对于大型高轨通信卫星等的高价值卫星，为增强卫星的抗风险能力，对极端温度环境条件和相较一般发射工作程序有所偏离的情况下，进行了卫星平台的热分布情况分析。采用了能够较全面深入反映平台结构热变形的3D舱板模型的有限元分析方法。表明最高温度50.8 ℃，最低温度-11.89 ℃，未超出卫星的极限温度要求，卫星平台的热性能有一定保持能力。舱板厚度方向温差2.5 ℃。对分析的热分布结果与一般条件下的热平衡试验结果进行了分析比较，分析结果较一般条件下的热平衡试验结果温度高出约25 ℃。在热分析结果基础上所做的卫星平台热变形分析，表明舱板的最大变形在抛罩时刻为0.185 mm，在星箭分离时刻为0.506 mm，已经接近结构局部精度的要求量级。在抛罩和星箭分离时的服务舱仪器板的热变形方向相反，预示着这里是热振动的潜在振源。

Thermal Deformation Analysis of Large High Orbit Communications Platform

For enhancing the anti risk capacity of a large high orbit communications satellite with a high value, the thermal distribution is analyzed for the satellite platform under the extreme thermal environmental conditions as well as the situations different from the usual launch procedure. The 3D structural plate finite element analysis method is adopted to comprehensively and deeply reflect the thermal deformation of the platform structure. It indicates that the highest temperature of 50.8 ℃ and the lowest temperature of -11.89 ℃ are all within the extreme temperature limits of the satellite, and the thermal performance of the satellite platform can be kept to a certain degree. The temperature difference through the module plate thickness is 2.5 ℃. Compared with the usual thermal equilibrium test result, the thermal analysis result in this paper is about 25 ℃ higher.
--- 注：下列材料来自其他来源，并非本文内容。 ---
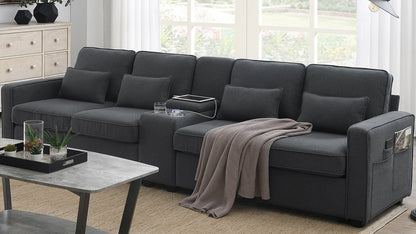 Upholstered Sofa with Console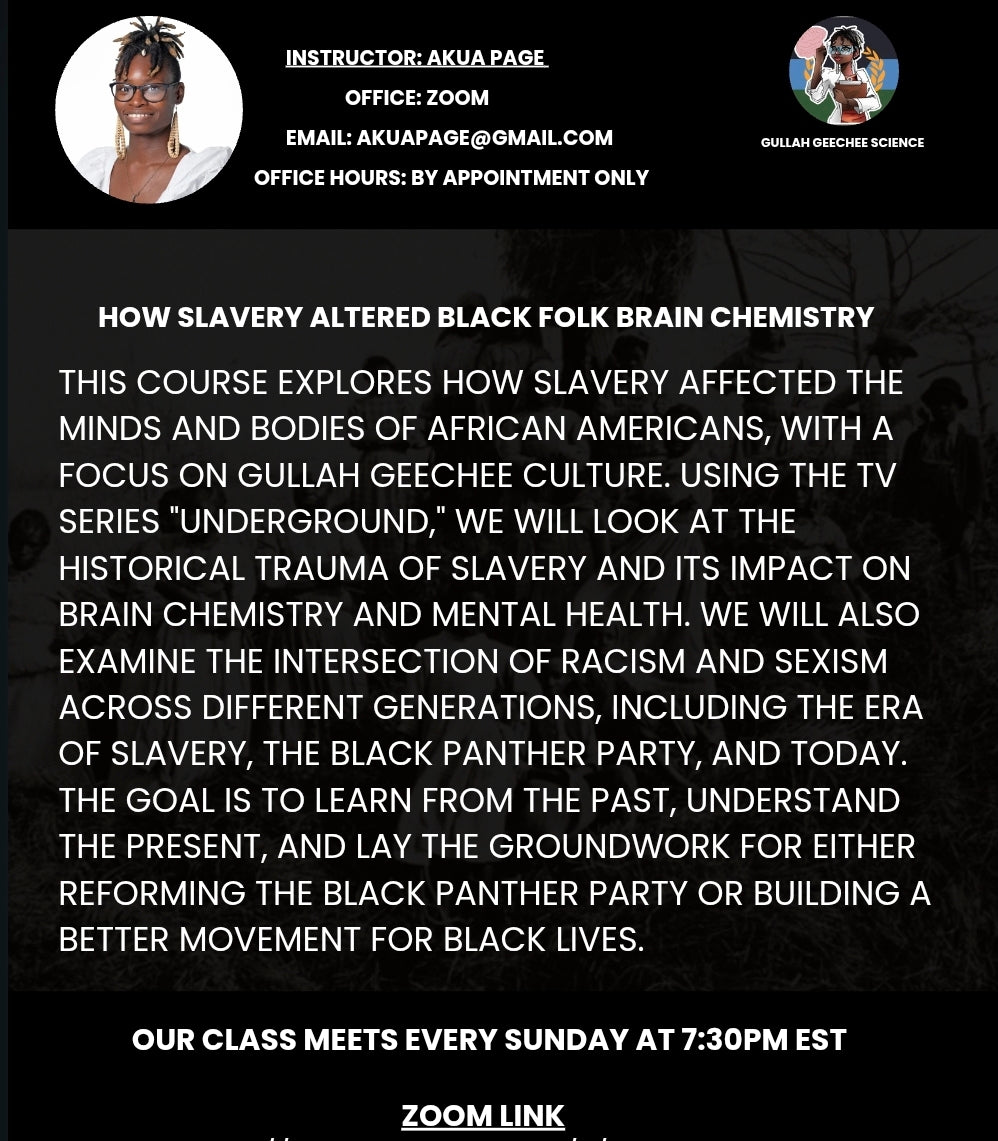 How Slavery Altered Black folk Brain Chemistry: Gullah Geechee E-Course Access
The satellite platform thermal deformation analysis based on this thermal analysis result indicates that the biggest module plate thermal deformations are 0.185 mm and 0.506 mm at fairing jettison and SC/LV separation respectively, which are close to the required local structural precision. The thermal deformation directions of the service module instrument plate at fairing jettison and SC/LV separation are contrary to each other, indicating that this is the potential source of thermal vibration.